From the Los Angeles Times:

Because the coach referred to the loss as "the blackest day in Mucker history," Roberts said, he suggested the players wear black jerseys.

Although some community members were riled up at the Muckers wearing anything besides red and white, Angle and others made a far different argument: that "black as a color was thoroughly evil, invoking the supernatural and especially the devil," Roberts said.

For whatever reason, school administrators banned the black jerseys.

From the John L. Smith at the Las Vegas Review-Journal:

As a member of the Nye County School Board in the early 1990s, Angle was critical of the decision by Tonopah's football coach to hand out black jerseys to his players to help psyche them up in preparation for a game against Laughlin High. Tonopah's team was trying to avenge a loss from the previous year.
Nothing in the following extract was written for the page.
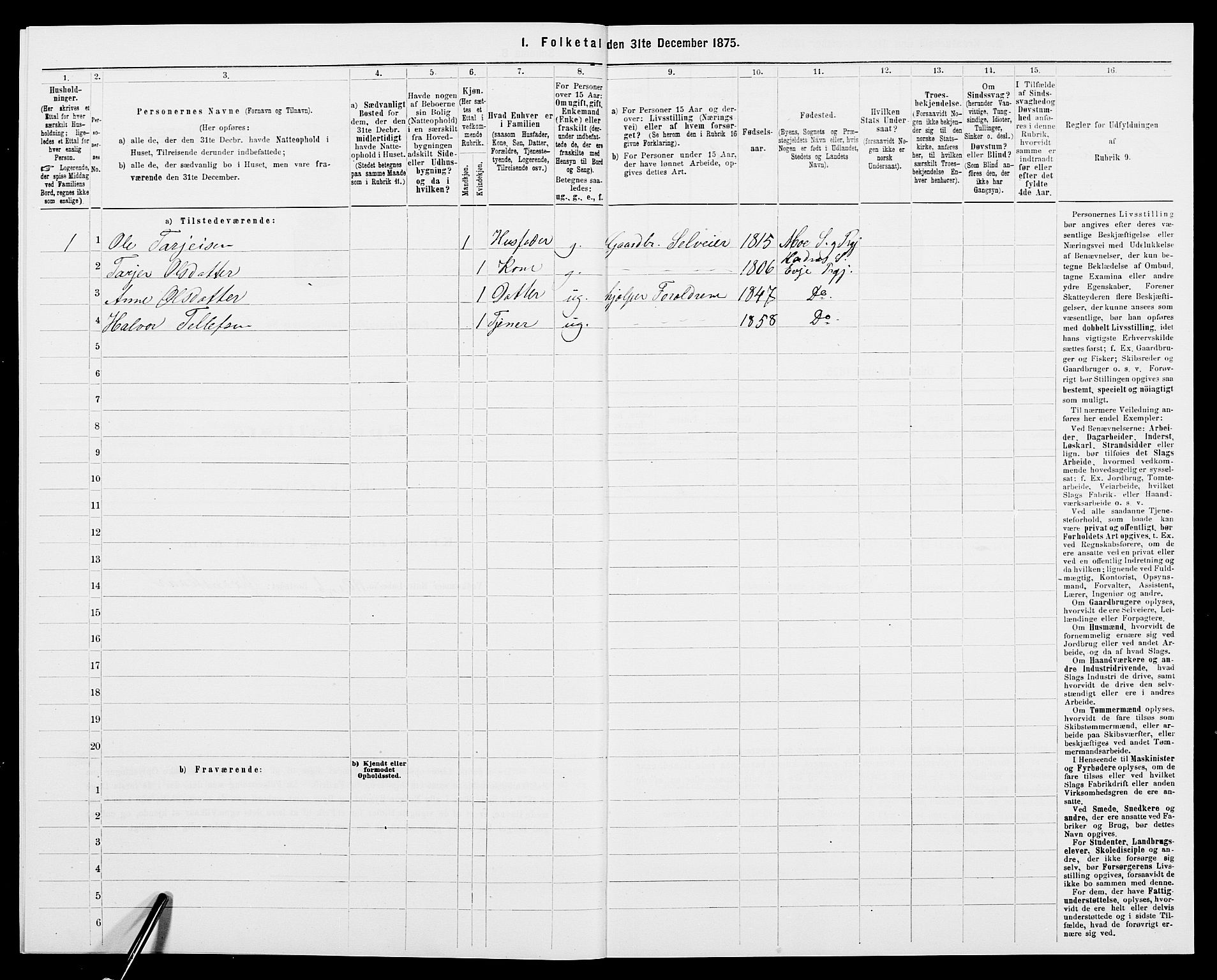 SAK, 1875 census for 0934P Evje, 1875, p. 516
Angle, a conservative Christian, said the use of black was inappropriate and even Satanic

It's another anecdote that could raise questions about Angle in voters' minds.

Pahrump Valley Times’ Roberts also points out how even Angle’s very first political campaign was about the marriage of religion and government:

Angle may or may not have thought this a political statement. But she became a high profile advocate of a specific religious position during her very first campaign.

In the end, the Muckers wore traditional red and white for the homecoming game… But they went away from the affair knowing Angle’s group used religious arguments to deprive them of their innocuous and youthful black jersey statement.